In the scenario where we have 1000 entries (unique keys) entering cosmos per minute, is it safe to use /id as the partition key?

In particular, there is the concept of Logical Partitions https://docs.microsoft.com/en-us/azure/cosmos-db/partition-data The graphic here scares me a little bit, showing that the logical partitions are actual entities (Ex. "city": "London"). If I have an 8 hour TTL and 1000 entries per minute, I don't necessarily want 480,000 logical partitions that cosmos needs to manage.

What I imagine happens is that the value of the partition key is simply hashed and modulo with the number of physical partitions, ex. https://docs.microsoft.com/en-us/azure/cosmos-db/partitioning-overview#choose-partitionkey indicates that this is true in the "Logical Partition Mangement" section. Furthermore, the "Choosing a Partition Key" section suggests (but does not actually state) that /id would be a fantastic partition key, as it doesn't have to worry about the 10GB limit, throughput limit, no hot spots, wide (huge) range of values, and since the application doesnt need to filter on anything except the id, cross partition queries wont be an issue for this use case.

In summary, do I need to worry about the memory/CPU/etc overhead of hundreds of thousands of partition key values (logical partitions)? The docs indicate the more values of the partition key is better, but don't say if its possible to have too many values.

2
While there's no "worry" per se, regarding storage when using /id as partition key (given that max logical partition size is 10GB), keep in mind that if you are searching for documents based on a property other than id, and id is partition key, you will be forced to do a cross-partition query (in other words, the query will be applied to every single logical partition). This is due to a query being scoped to a single partition. If you only retrieve documents by id then this isn't an issue. Just think about that when it comes to query performance.David Makogon
If you do query on anything other than id: Before committing to id as partition key, it might be worth benchmarking to see what your RU costs will be, when querying against a property other than id (you'll need to enable cross-partition query in the query options). You might find that a different partition key suits your query use-cases better.David Makogon
Currently yes, it will just be against the ID. Regarding your first comment, are you saying the cross partition query is ran against every logical partition (Huge number), as opposed to every physical partition (Just a few)? That is somewhat concerning.user2770791

2 Answers

20
votes

I am from the Cosmos DB engineering team.
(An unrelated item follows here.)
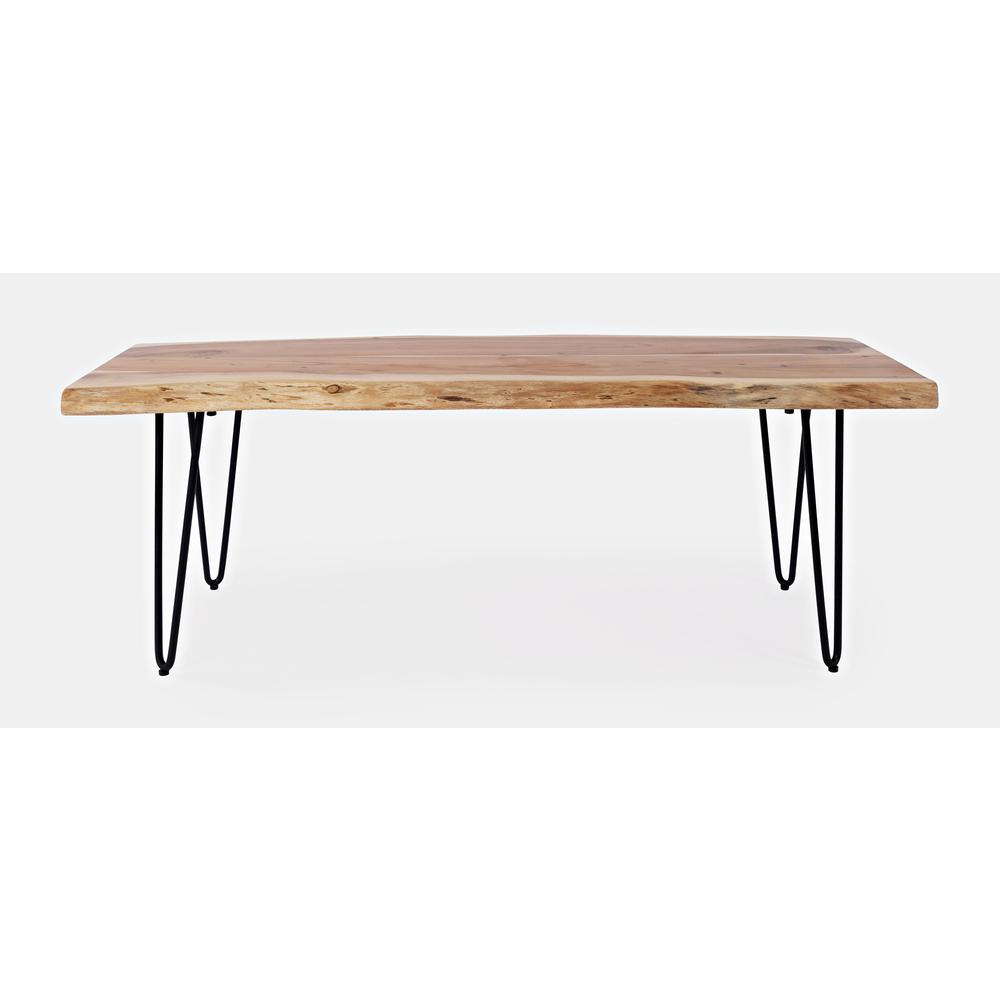 Nature's Edge 48'' Bench, Natural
You don't have to worry about the number of logical partition keys that are created on a Cosmos DB collection/container. As long as the partition key is an appropriate choice for your writes (subject to a per-logical partition key cap of 10GB) and queries, you should be good.

4
votes

Implications are:

  1. best cardinality
  2. easy&fast&cheap document reads

  3. no transactions as transaction scope is partition key

  4. queries by anything other than id will be cross-partition

PS. I can hardly imagine the case for not needing anything but by id reads/queries. except maybe for document caching (combined with TTL).